Commit. An interesting word. Commit to memory. Commit suicide. We had him committed. I am going to commit to writing a blog. Yes, an interesting word.
Let’s look at one definition, “to bind or obligate, as by pledge or assurance; pledge: to commit oneself to a promise; to be committed to a course of action.” I like this definition because it includes the word action. To bind myself to a course of action. So, I say I am going to do something (writing a blog) and then I stay the course of action (I continue writing the blog). I give my word and take action. However, the definition implies more than that. I not only give my word and take action, I bind myself to that action. Almost as if I am locking myself up (committing myself) with that action so I cannot escape.
How does commit differ from integrity? If I define integrity as simply honoring your word, doing what you say you are going to do, how does that differ from our definition of commit? If I honored my word 100% of the time would there be a reason the word commit?

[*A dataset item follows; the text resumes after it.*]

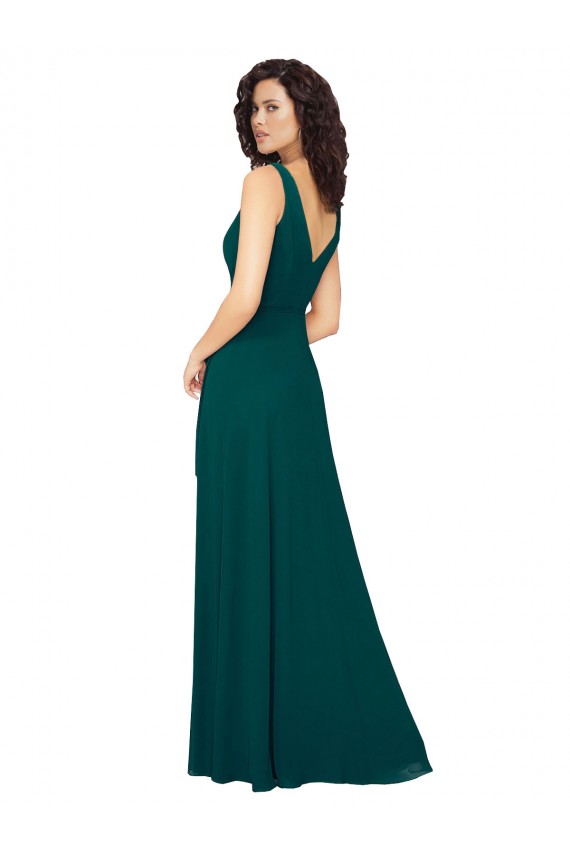 Long Hunter Sleeveless A-Line V-Back Bridesmaid Dress / Evening Gowns Leeds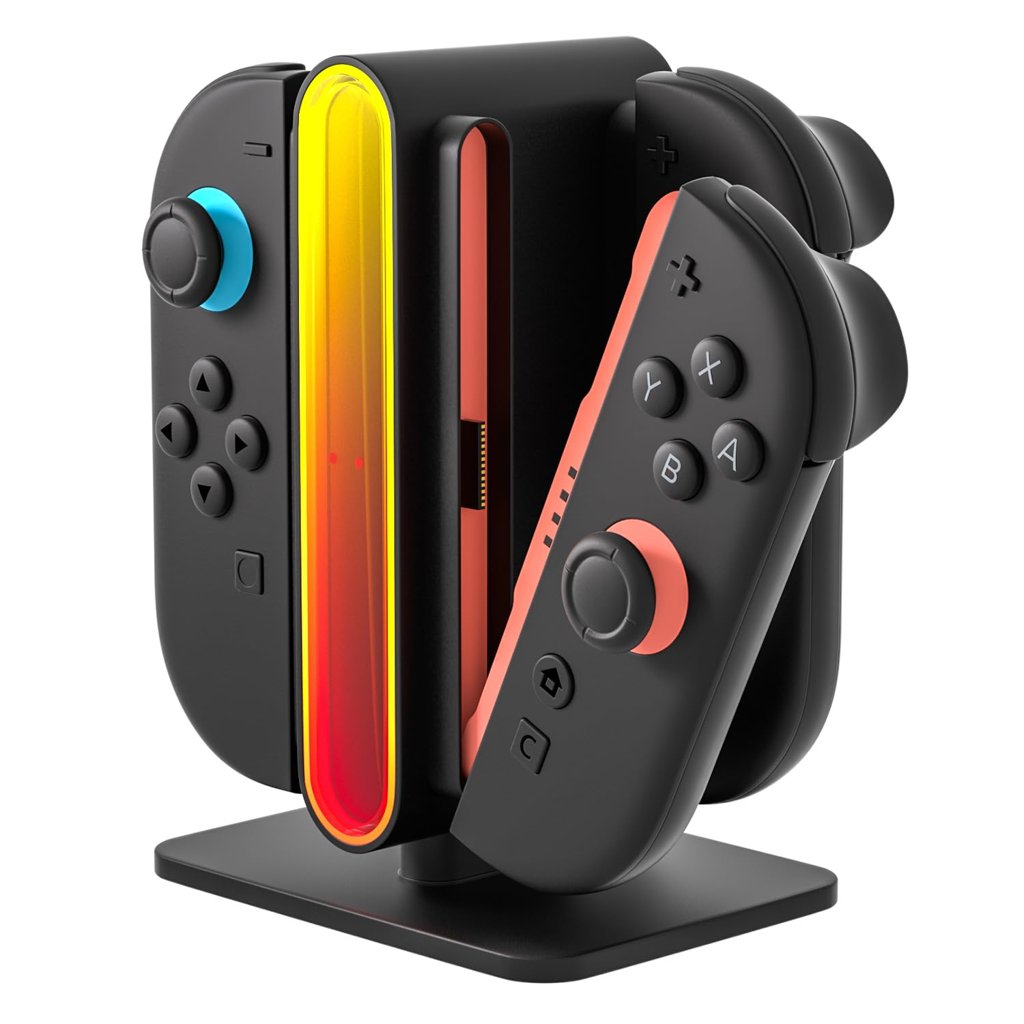 Base de carga 4 en 1 con luz RGB para Nintendo Switch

In my view, it seems as if I commit to something if I know it will be difficult to honor my word to or if I have not been able to honor my word to this in the past. For example, things that people would commit to: marriage, exercising, quitting smoking, writing, eating healthy etc. It would be weird to hear a kid say they were committing to playing video games, or watching tv, or hanging out with friends. We don’t say we are going to commit to something if we know we are going to do it. Maybe it’s implied or maybe the intention isn’t necessary. What lies in the difference?
What is the difference for you? Where do you need commitment? Where do you not?